The relentless mixed sentiment towards the USD has continued to work in the favour of the Pound bulls and resulted in the Pound/Dollar climbing to a monthly high at 1.5597 at the end of last week. Over the past couple of weeks, UK economic data has been far lower in volume than the United States so the USD has also been playing a more active role in guiding the direction of the Pound. With that being said, the latest UK inflation reading is scheduled for release on Tuesday and I would expect the market reaction towards the data to be pivotal towards deciding which direction the Pound/Dollar continues to trade throughout the month of June.
We have seen a recent improvement in inflation readings around Europe, meaning it would not be completely unrealistic for an upside surprise to be found from the UK inflation data. While this would generally be bullish for the Pound, investors should be keeping a close eye on the core inflation numbers because these have also been unexpectedly weak in recent months with this suggesting the unexpected UK inflation risks stretch further than depressed oil prices. If the UK inflation readings continue to remain weak, we can also expect the BoE’s views on inflation to stay very dovish with this also meaning UK interest rate expectations will continue to be pushed back for at least the next year.
Looking at the GBPUSD from a technical standpoint, the Pound bulls will be hoping for encouraging news from the UK economic data because they have finally surpassed the stubborn 200 day moving average with this being the bulls best chance of advancing back within reach of its 2015 highs seen in May. Bullish momentum for the Pound would also be seen as adding further bearish pressure to the EURGBP, which has dropped from 0.7387 to 0.7195 in under a week and could still realistically fall back to 0.70. Investor sentiment towards the Euro still hinges on the ongoing Greece negotiations, meaning the EURGBP remains vulnerable to downside pressures.
Speaking of the Euro, sell-on rallies has been the name of the game when it comes to the EURUSD. Traders are enjoying the opportunity to enter selling positions on any possible over-extensions when it comes to the EURUSD, and we pulled back from the near 1.14’s to trade as low as 1.1150 once again last week. German Chancellor Angela Merkel inspired bearish pressure on the Euro when she expressed that its current high valuation would make it more difficult for some European nations to conduct structural reforms but with the ECB’s Coeure also making dovish comments a few weeks back when we were also approaching 1.14, it is quite clear that there is some unease over the appreciating Eurodollar.
There are a variety of reasons to expect the Euro to remain weak, and the dovish comments from senior figures like Merkel and Coeure are just one of them. Greece remains a constant risk to investor sentiment and we are now just two weeks away from a possible Greece default. It is widely known that Greece is desperate for cash but with time running out to agree a new deal with creditors, investors should expect all headlines to continue focusing on Greece negotiations. Optimism emerged once again last week that a deal is close to being finalized after Germany’s stance on certain matters reportedly softened, however this was later contrasted and followed by reports that Germany is no longer ruling out a potential Greek default.
Either way, the announcement that IMF officials walked away from negotiations with Greece just highlights how far we all are from a conclusion to this lengthy saga.

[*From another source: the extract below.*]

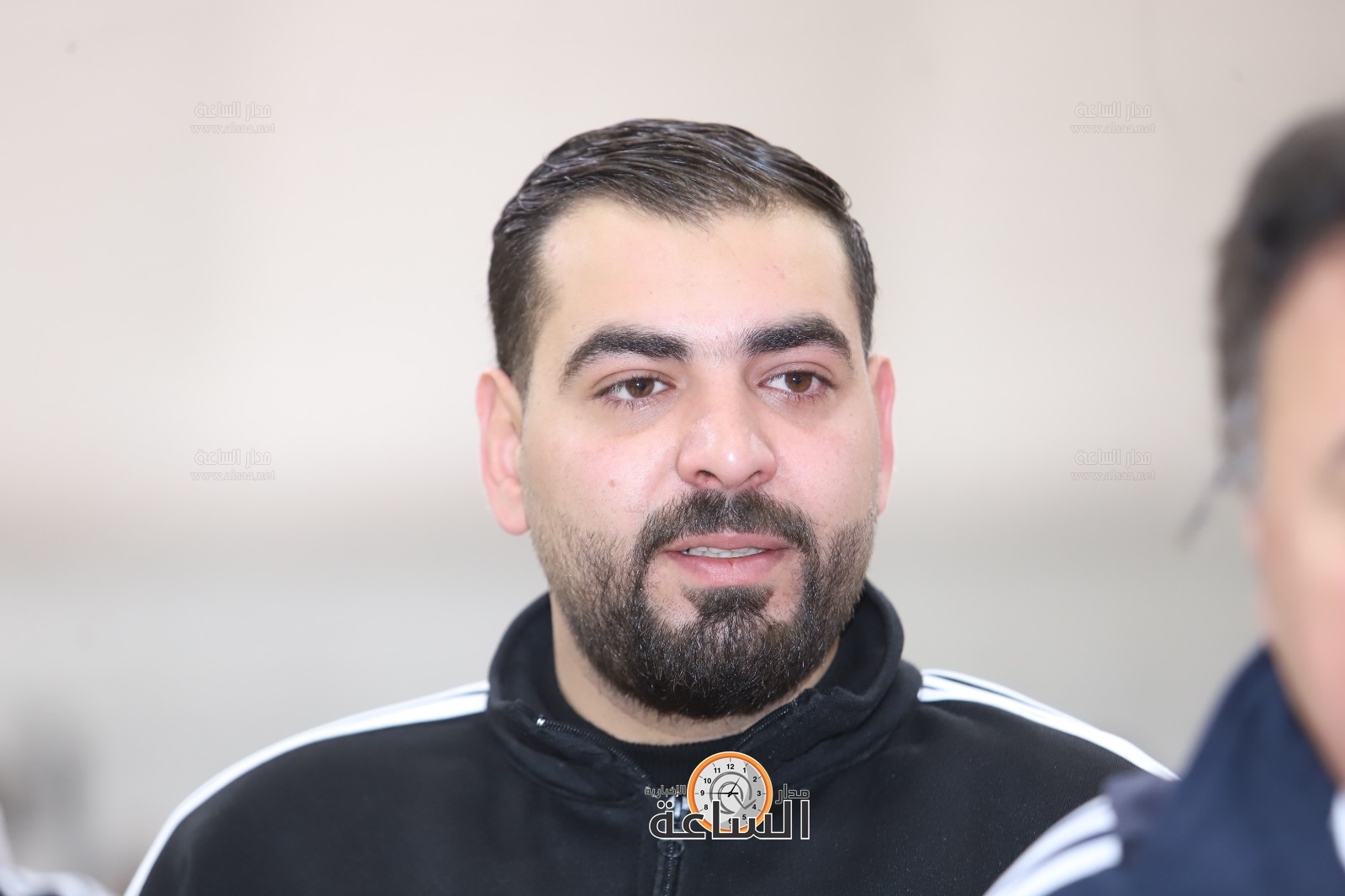 Madar Al-Saa Images 0.3955219203918745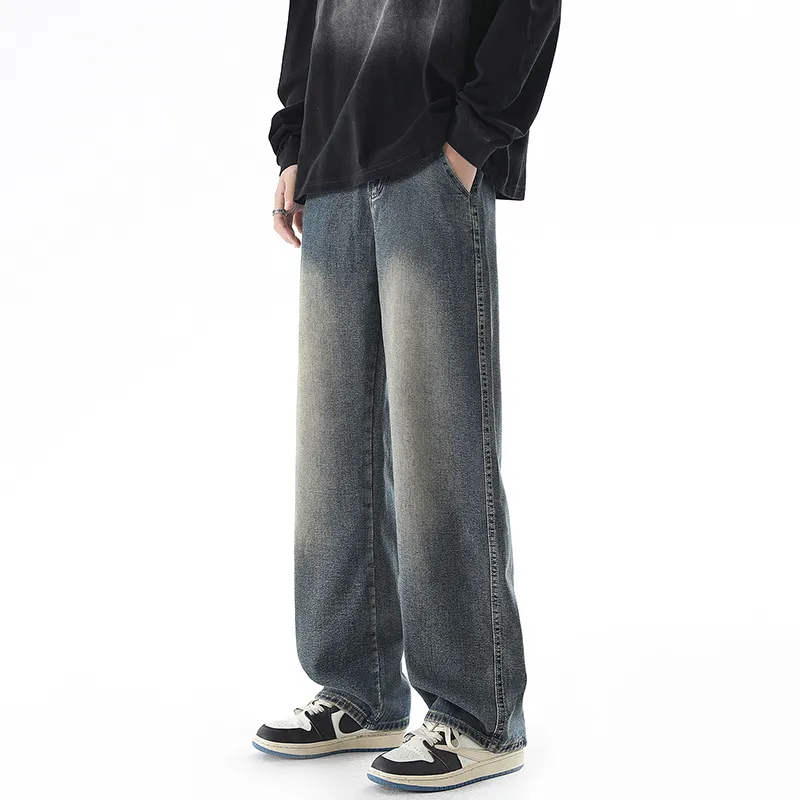Dme Jeans Unisex-8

Although there is US economic data scheduled to be released at the beginning of the week, we might not notice much of a reaction because traders are going to be focusing on Wednesday’s FOMC decision. I am actually expecting the USD to gain before the FOMC decision, because I think there will be traders tempted to purchase the USD on the outside chance that the Federal Reserve might shock the financial markets with a US interest rate rise. The chances of a US interest rate rise are minimal in my opinion, but traders might find encouragement from knowing that the currency markets would be completely unprepared for such an outcome and the subsequent dramatic USD rally.
I would personally like to see the Federal Reserve provide the necessary clarity to investors on when they will be raising interest rates, and pre-announcing an interest rate rise for September would be a smart move. There are multiple benefits to doing this with the obvious one being that the markets would finally receive clarity on the timing of an interest rate rise, which is something they have been waiting for. Such a move from the Federal Reserve would also provide a huge favour to emerging markets, especially when you take into account that it would allow central banks to prepare in advance for capital outflows while at the same time also preventing continuous currency pressure.